Data Fitting with Least Squares

In [4]:
import numpy as np
import numpy.linalg as npla
import scipy.linalg as spla
import matplotlib.pyplot as pt

Suppose we are modeling a relationship between $x$ and $y$, and the "true" relationship is $y = a+bx$:

In [5]:
a = 4
b = 2

def f(x):
    return a + b*x

plot_grid = np.linspace(-3, 3, 100)

pt.plot(plot_grid, f(plot_grid))
Out[5]:
[<matplotlib.lines.Line2D at 0x7f1323d14ac8>]

But suppose we don't know $a$ and $b$, but instead all we have is a few noisy measurements (i.e. here with random numbers added):

In [6]:
npts = 5

np.random.seed(22)
points = np.linspace(-2, 2, npts) + np.random.randn(npts)
values = f(points) + 0.3*np.random.randn(npts)*f(points)

pt.plot(plot_grid, f(plot_grid))
pt.plot(points, values, "o")
Out[6]:
[<matplotlib.lines.Line2D at 0x7f132c121a90>]

What's the system of equations for $a$ and $b$?

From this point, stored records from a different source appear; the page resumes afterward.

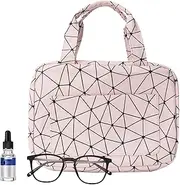 [Generic] Shower Organizer Bag, Travel Cosmetic Bag, Toiletry Pouch with Hook, Travel Shower Pouch, Compact Toiletry Bag, 4 Compartment Bag, Cosmetic Storage Bag, Foldable Toiletry Organizer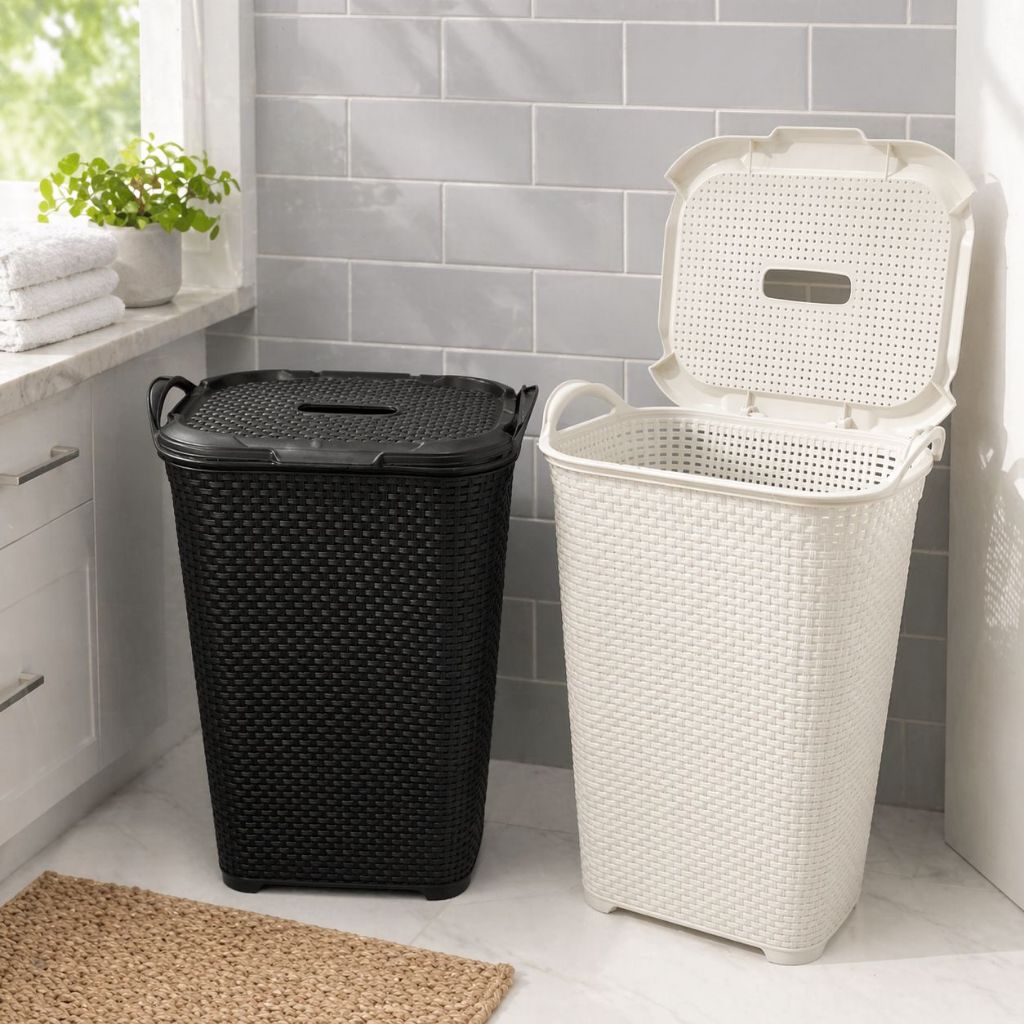 Jogo 2 Cestos de Roupa Rattan com Tampa Basculante 50L e 60L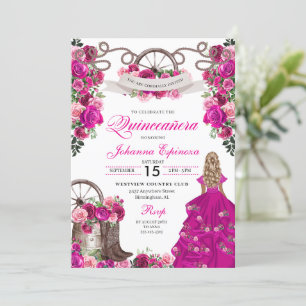 Invitation Fuchsia Pink Cowgirl Western Charro Quinceanera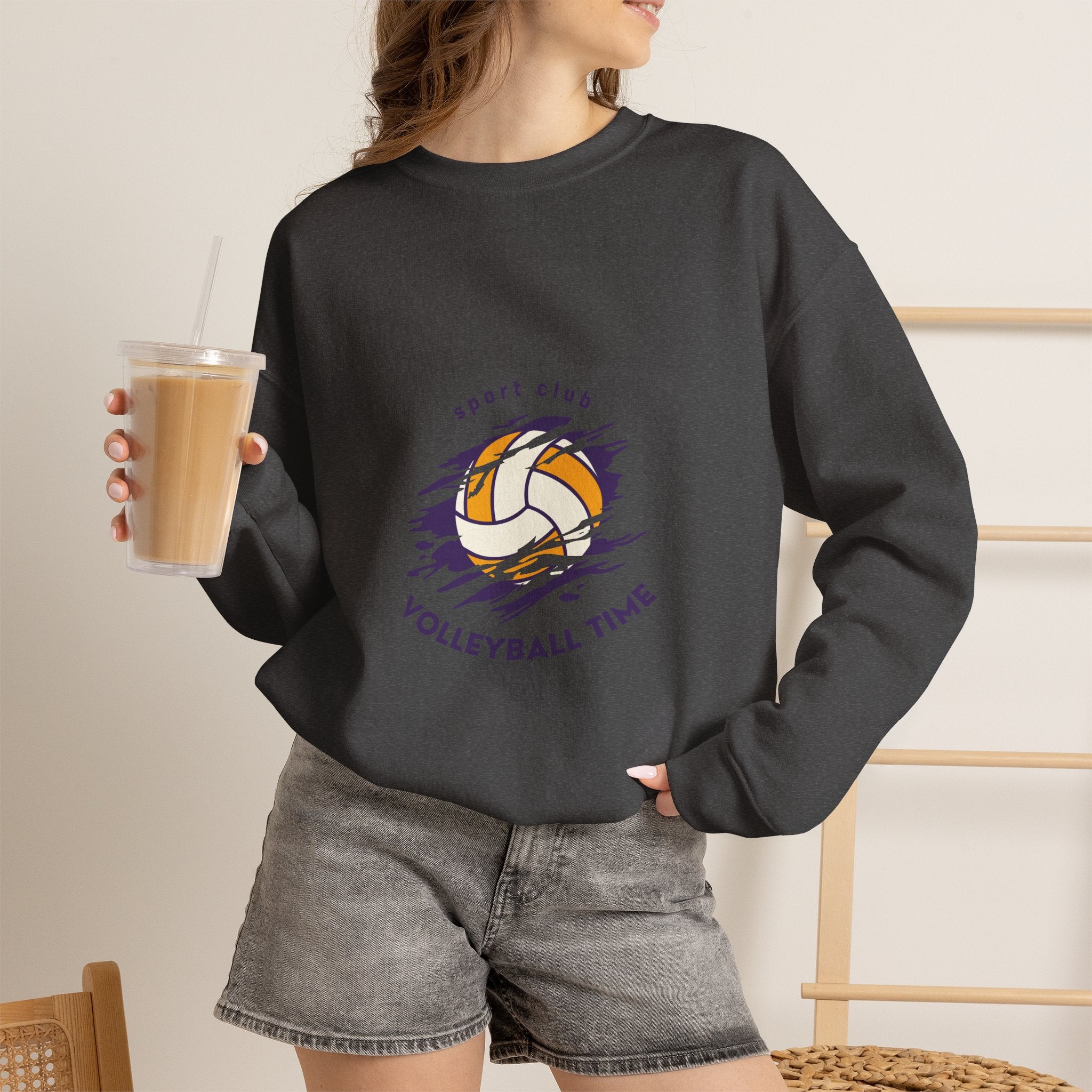Volleyball Time Crewneck Sweatshirt — Sport Club Graphic Pullover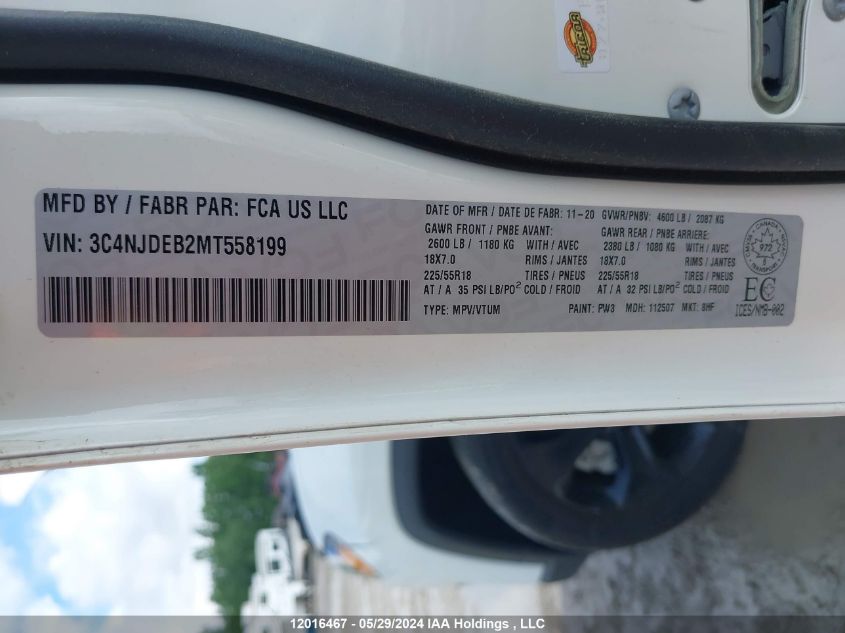 2021 Jeep Compass 80Th Edition VIN: 3C4NJDEB2MT558199 Lot: 12016467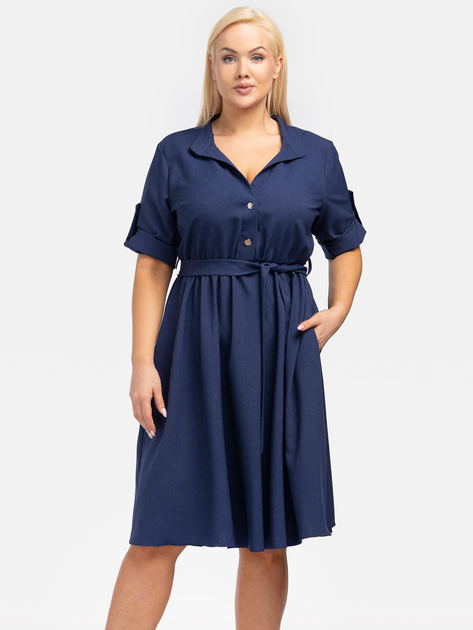 Плаття-сорочка жіноча Karko SA021 54-56 Синє (5903676043799) - зображення 1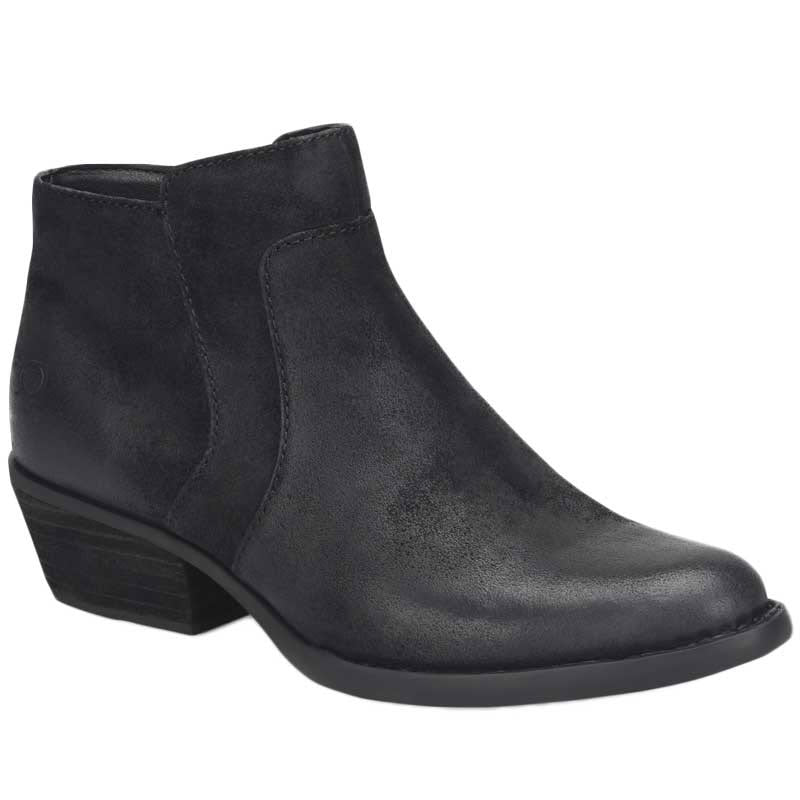 Born black suede leather booties with a low heel and rubber outsole.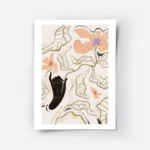 affiche de fleurs de feuilles et dune main noire en line art sur fond beige.webp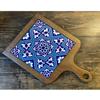 Charcuterie Platter with Tile, Cheese Serving Tray for Wine, Personalized Chopping & Cutting Board, Wedding Anniversary Couple Wooden Gift (Pattern: A) view 1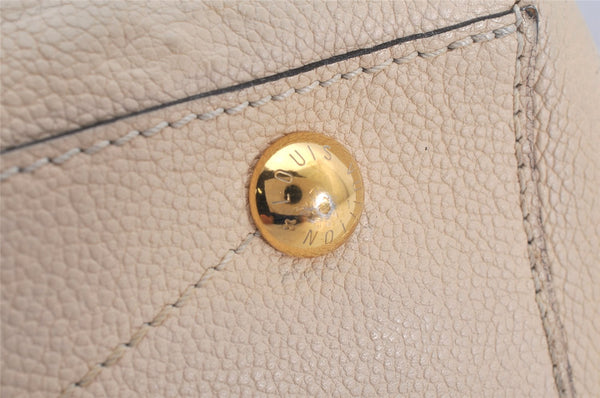 Auth Louis Vuitton Monogram Empreinte Montaigne MM 2Way Hand Bag White LV K9026
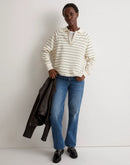 Madewell Green Striped Polo Sweatshirt (M)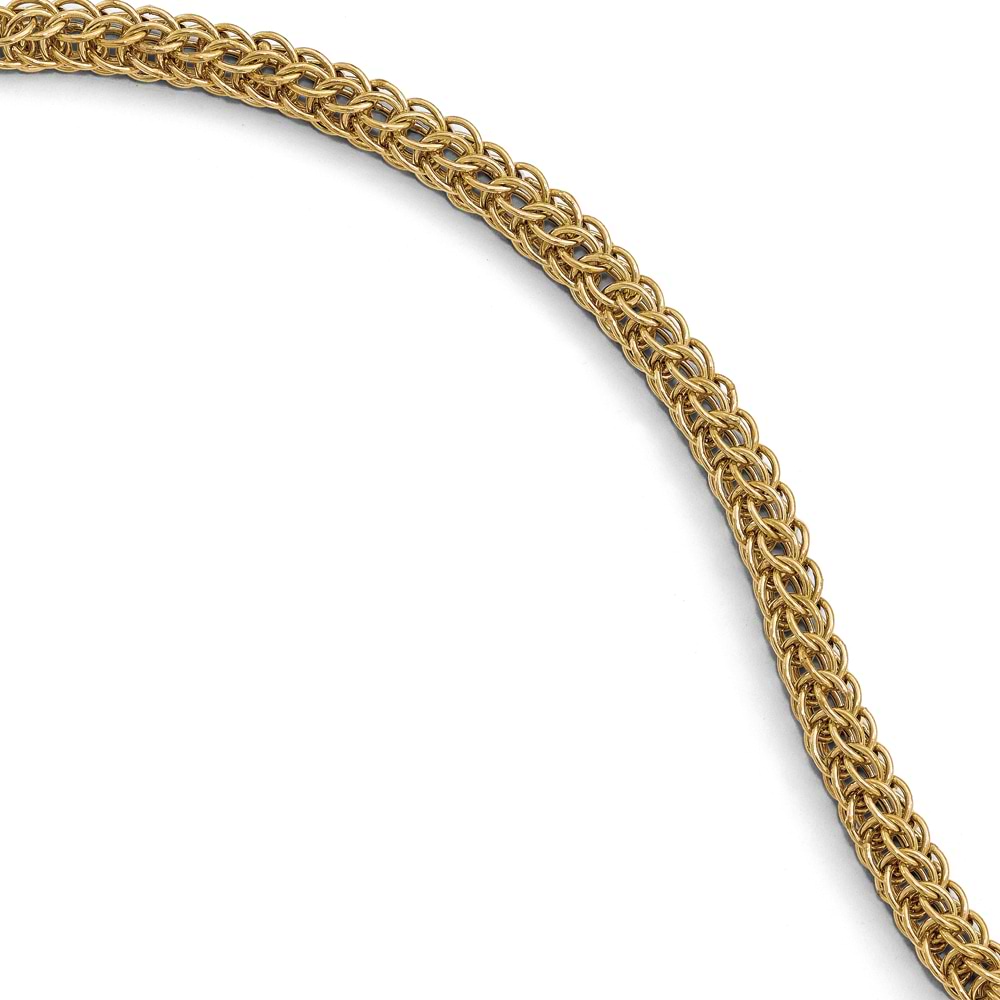 Fancy Polished Braided Cable Chain Link Bracelet 14k Yellow Gold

Now build the system matrix $M$--a Vandermonde matrix:

(We'll call it $M$ because $V$ conventionally used for the result of the SVD)

In [16]:
M = np.array([
    1+0*points,
    points,
    ]).T
M
Out[16]:
array([[ 1.        , -2.09194992],
       [ 1.        , -2.46335065],
       [ 1.        ,  1.08179168],
       [ 1.        ,  0.76067483],
       [ 1.        ,  1.50887086]])

What's the right-hand side vector?


Now solve the least-squares system:

In [17]:
U, sigma, VT = npla.svd(M)
In [18]:
print(U.shape)
print(sigma.shape)
print(VT.shape)
(5, 5)
(2,)
(2, 2)

Determine $x$, from $U\Sigma V^T \mathbf x = \mathbf b$, where $\mathbf b$ is values:

In [24]:
x = VT.T@((U.T@values)[:2] / sigma)

Recover the computed $a$, $b$:

In [25]:
a_c, b_c = x
In [28]:
def f_c(x):
    return a_c + b_c * x

pt.plot(plot_grid, f(plot_grid), label="true", color="green")
pt.plot(points, values, "o", label="data", color="blue")
pt.plot(plot_grid, f_c(plot_grid), "--", label="found",color="purple",)

if 0:
    # show residual components
    pt.vlines(points,
                np.minimum(f_c(points), values),
                np.maximum(f_c(points), values),
                color="red", lw=2)

pt.legend(loc="best")
Out[28]:
<matplotlib.legend.Legend at 0x7f1323ae1e10>
  • If we enable 'show residual components above', what will appear?
  • Is it possible for the residual to involve the 'true model'?
In [30]:
# - Little red bars connecting the data to the computed fit line.
# - No. The residual is only computed against the known data, not the unknown true model.
  • What should happen if we change the number of data points?
  • What happens if there are lots of outliers?
  • What should happen if we don't add noise?
  • What about a bigger model?
  • What about different functions in the model?
In [31]:
# - The fit gets better
# - Least squares "punishes" outliers with the square of their distance. 
#   So outliers have a habit of severely wrecking a least squares fit.
# - We should recover the exact data.
# - No problem--just add coefficients.
# - No problem--just use a different Vandermonde matrix.